String theory – or, to be more accurate, string theories – are models that attempt to explain and quantify physical properties, such as mass and charge, by describing them as vibrations on loops of 'strings'.
To create various kinds of vibrations, tension on the hypothetical string need only be loosed or tightened, which allows theoretical physicists to account for the various characteristics of a fundamental particle through just one basic factor.
The one complication for our poor brains is that these vibrations need to wiggle along nearly a dozen different dimensions to account for a particle's range of properties.
Are string theories proven?
While technically these string-based models are 'theories' in a mathematical sense, they haven't been accepted as robust physical explanations of nature since most of their predictions are currently impractical, if not impossible, to test or observe.

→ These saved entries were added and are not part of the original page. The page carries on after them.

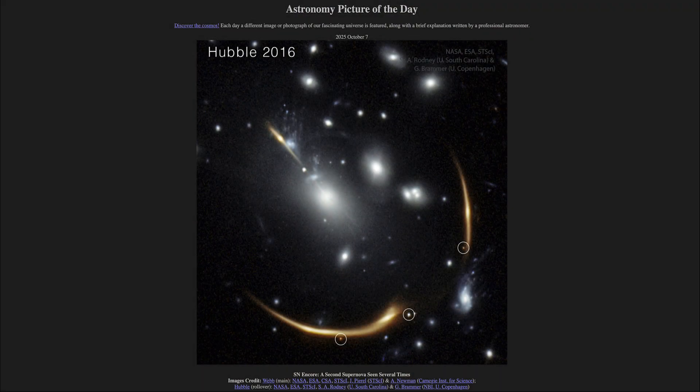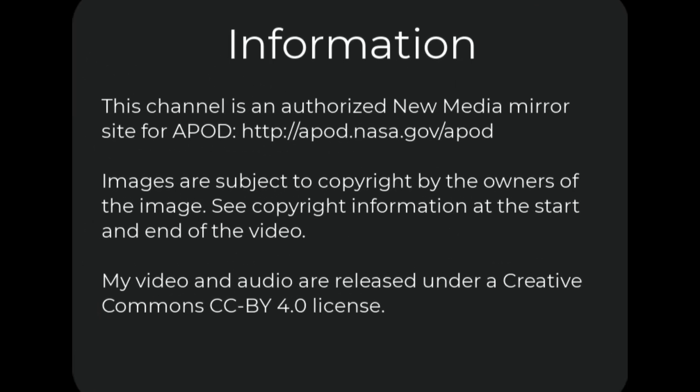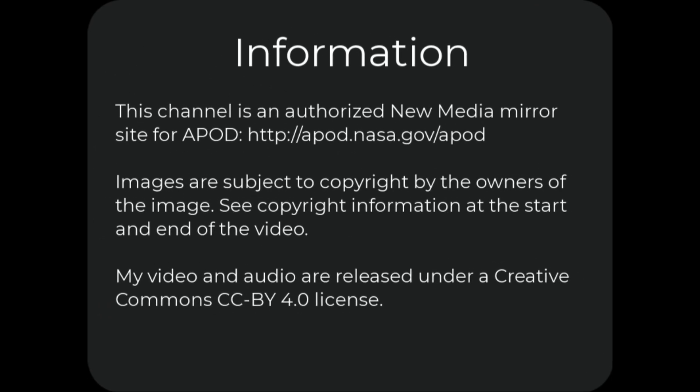That was our picture of the day for October 7th of 2025. It was titled SN Encore, A Second Supernova Seen Several Times. We'll be back again tomorrow for the next picture, so until then, have a great day everyone, and I will see you in class.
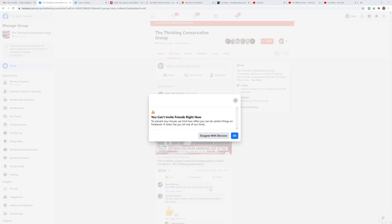So as you can see, I'm on my Thinking Conservative group, and every time I try to invite friends, this is what Facebook gives me.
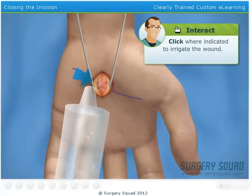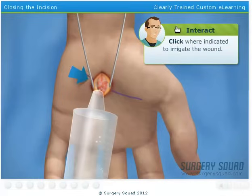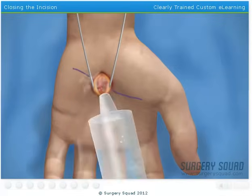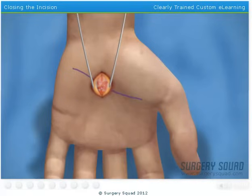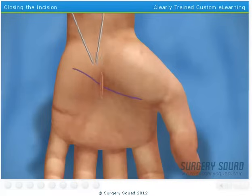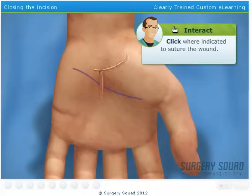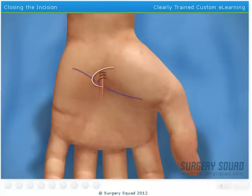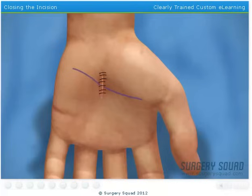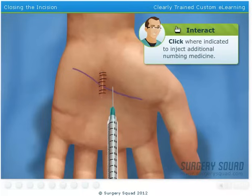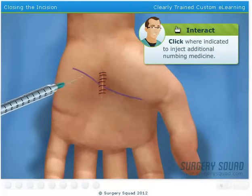Go ahead and irrigate the wound. When you're finished, I'll release the tourniquet, allowing blood to flow back into the hand. Now you'll close the wound using non-absorbable sutures. With the wound closed, we'll inject additional numbing medicine around the operating site to help relieve some of the immediate pain the patient may feel after surgery.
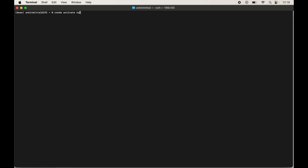To activate the environment, type: conda activate numpy_new_env and hit Enter. Once the command executes, we will see '(numpy_new_env)' within brackets in the prompt, which indicates that this particular environment is currently active.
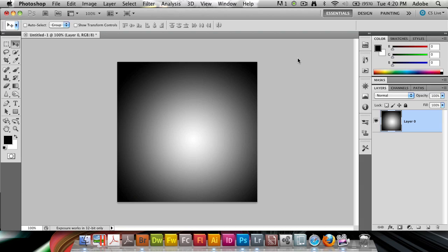The blend sliders inside of Photoshop are a really powerful tool to be able to blend based on what's showing on the layer.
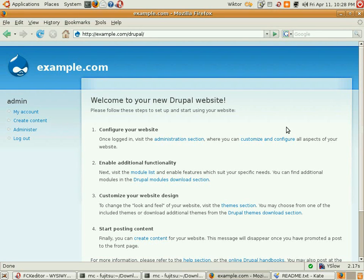Hello, my name is Victor. FCKeditor is a HTML what you see is what you get editor, and today I'm going to show you how to integrate FCKeditor with Drupal.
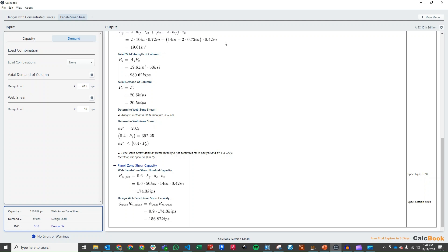However, in practice, you would most likely add those things, at least the stiffener plates for continuity. So we hope you enjoyed this moment connection design in CalcBook. Stay tuned for part three of this moment frame design series where we check out the foundation. We'll see you next time.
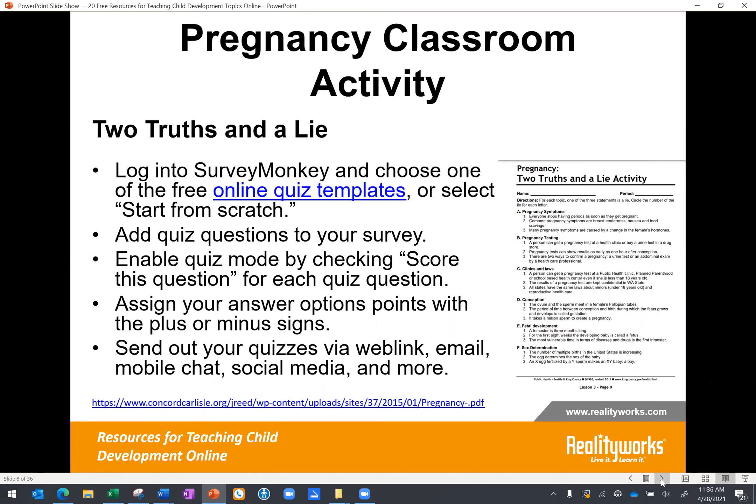At the website above is a 20-page lesson plan on pregnancy, and one activity that could be used online is called Two Truths and a Lie. Each question gives several answers and students identify which one is the lie. Prior to launching this activity it would be helpful to discuss how students can tell which sources are trustworthy. One free tool you could use to create online quizzes is SurveyMonkey, or you could turn it into an auto-grading quiz — this activity is quite flexible for remote learning.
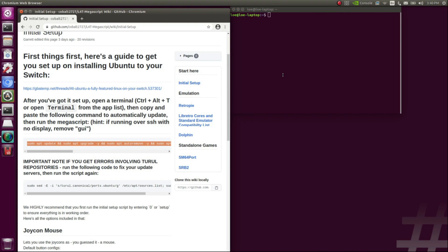How's it going everyone? This is Manny from Low Tech. Today we're going to be looking at how to utilize the Megascript to build and install Dolphin, to build and install RetroPie, and it can also be used to build and install a lot of other things. But today we're going to be specifically focusing on Dolphin and RetroPie.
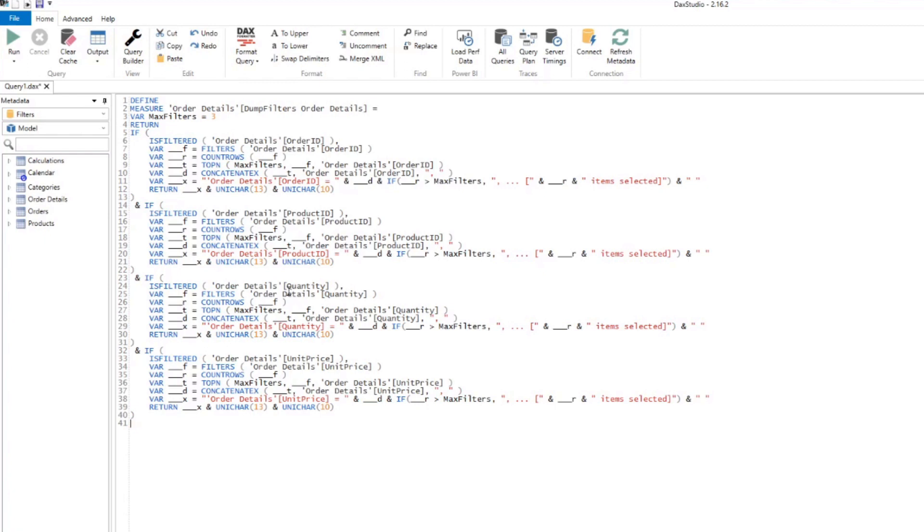Now at the moment, because we right clicked the order details tables only giving us all the columns in that table. But we want that across all the tables that we have in our model. And to do it, it's actually pretty simple.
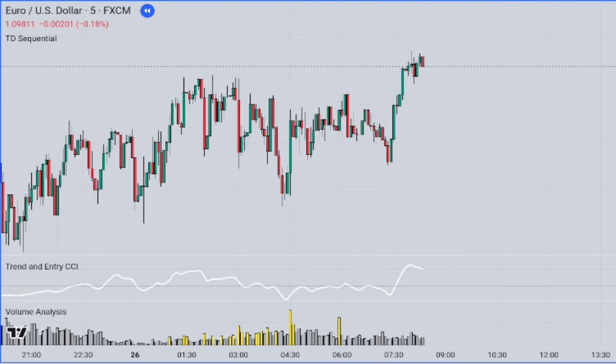Here are the details of the indicators we will use in this strategy. Let's apply them carefully.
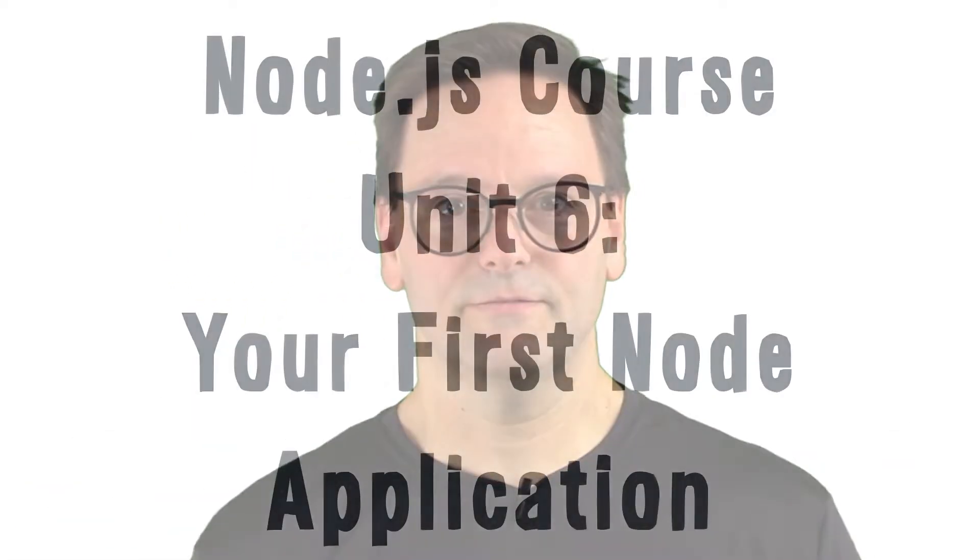Hey everyone, Steve Perry here. So far you've installed Node, learned basic Node concepts, and did a deep dive into the event loop. Now you're ready for your first application.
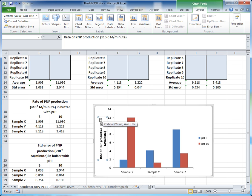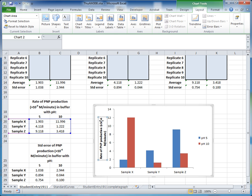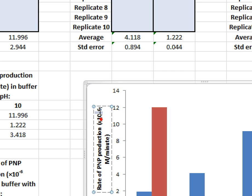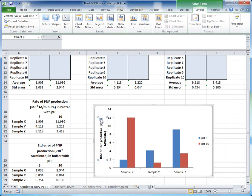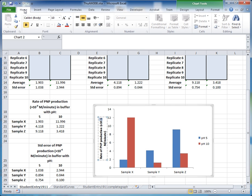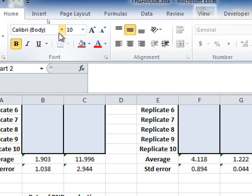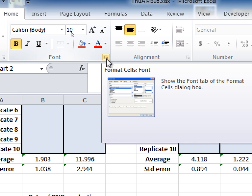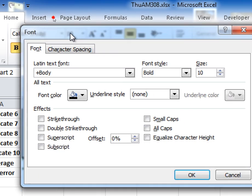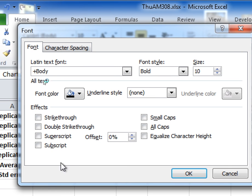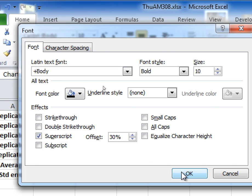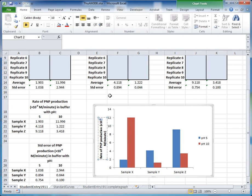You'll notice the '-6' is not yet in superscript. To fix that, highlight the '-6' in the axis title, then go to the Home tab and find the superscript button in the Font area. This opens a font dialog box — tick the Superscript option and click OK. Zooming out, you can see the '-6' is now correctly in superscript.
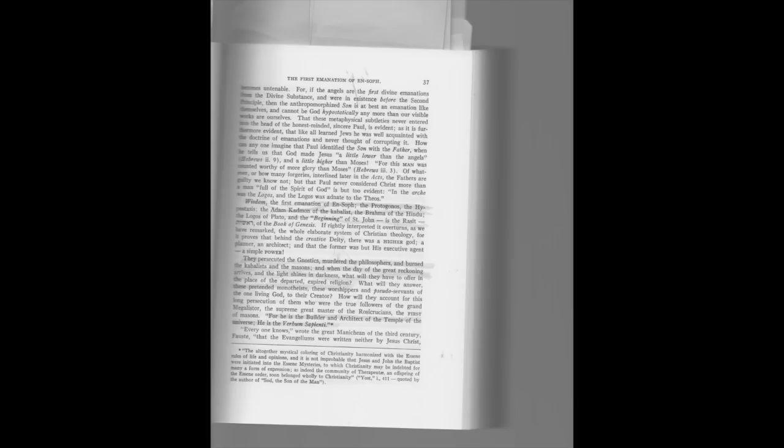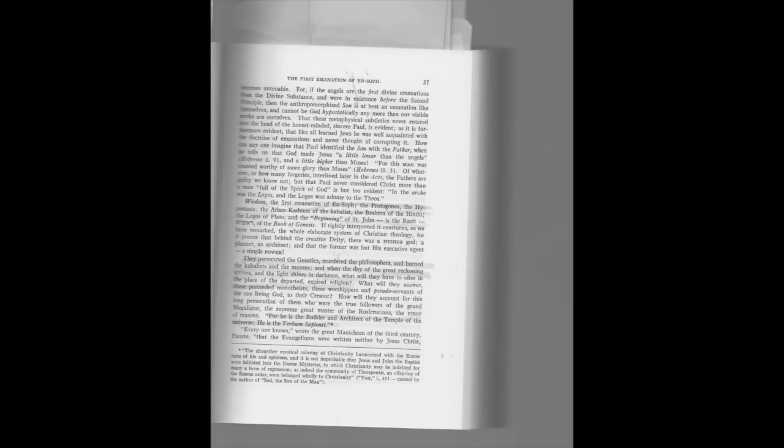Everyone knows, wrote the great Manichean of the third century, Faust, that the evangelisms were written neither by Jesus Christ nor his apostles, but long after their time by some unknown persons, who, judging well that they would hardly be believed when telling of the things they had not seen themselves, headed their narratives with the names of the apostles or the disciples' contemporaneous with the later. Okay, so she knew quite a bit about the Gnostics. She talked about them and talked about what this church did to them. You know, most of them were burnt.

Still, the mathematics behind string theories combines several different concepts in a way that has many physicists convinced reality almost certainly has string theory-like features. Thinking this way, for example, allows gravity to be more easily described in quantum terms.
Since these models provide descriptions for both general relativity and quantum mechanics, they continue to attract attention as a potential solution that might point the way towards a 'theory of everything'.
Who came up with these string theories?
String theories emerged from early attempts to explain unusual activity in bonds between pairs of particles called quarks, as if they were connected by stretched pieces of string.
In the 1990s, American theoretical physicist Edward Witten identified overlapping themes in a handful of potentially correct string theories and came up with a single version consistent with all of them. It requires precisely 11 tiny dimensions, and he called it M Theory (although weirdly enough, the M doesn't really stand for anything).
It's an intriguing way to cover all our bases, but given the immense challenges involved in verifying the existence of these hypothetical, tiny dimensions, M Theory – like all string theories – will more than likely remain on the 'nice idea, shame about the lack of facts' list for a while yet.